Report the count of lines containing the word "Figure" in these records, with no other text.

───── EXERCISE DATA ─────

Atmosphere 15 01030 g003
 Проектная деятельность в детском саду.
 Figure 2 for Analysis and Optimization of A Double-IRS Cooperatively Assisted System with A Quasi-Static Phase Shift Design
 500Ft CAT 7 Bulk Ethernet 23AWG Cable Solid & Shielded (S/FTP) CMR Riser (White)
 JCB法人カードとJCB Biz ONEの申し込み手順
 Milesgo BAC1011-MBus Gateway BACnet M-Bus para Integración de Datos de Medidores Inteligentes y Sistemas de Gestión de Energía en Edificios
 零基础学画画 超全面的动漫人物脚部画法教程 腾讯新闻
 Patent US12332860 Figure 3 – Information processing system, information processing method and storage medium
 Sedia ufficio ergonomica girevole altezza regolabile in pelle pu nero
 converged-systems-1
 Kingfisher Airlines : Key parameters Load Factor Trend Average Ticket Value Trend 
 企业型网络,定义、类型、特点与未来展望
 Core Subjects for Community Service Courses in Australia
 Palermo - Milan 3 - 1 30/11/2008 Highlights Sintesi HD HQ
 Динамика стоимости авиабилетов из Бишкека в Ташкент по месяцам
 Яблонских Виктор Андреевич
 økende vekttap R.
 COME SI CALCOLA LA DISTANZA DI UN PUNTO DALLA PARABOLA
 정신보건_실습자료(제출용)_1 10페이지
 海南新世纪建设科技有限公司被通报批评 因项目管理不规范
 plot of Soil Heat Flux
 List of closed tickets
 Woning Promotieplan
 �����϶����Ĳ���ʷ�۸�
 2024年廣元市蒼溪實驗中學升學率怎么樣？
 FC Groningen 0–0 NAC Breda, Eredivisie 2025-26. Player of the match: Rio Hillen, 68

─────

## SOLVED EXERCISE:
2